An exact copy of all the data below is required.

| Available data |
——————
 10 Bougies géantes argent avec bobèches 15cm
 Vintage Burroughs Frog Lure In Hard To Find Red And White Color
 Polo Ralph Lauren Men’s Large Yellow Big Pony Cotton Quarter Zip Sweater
——————
| The answer |
 10 Bougies géantes argent avec bobèches 15cm
 Vintage Burroughs Frog Lure In Hard To Find Red And White Color
 Polo Ralph Lauren Men’s Large Yellow Big Pony Cotton Quarter Zip Sweater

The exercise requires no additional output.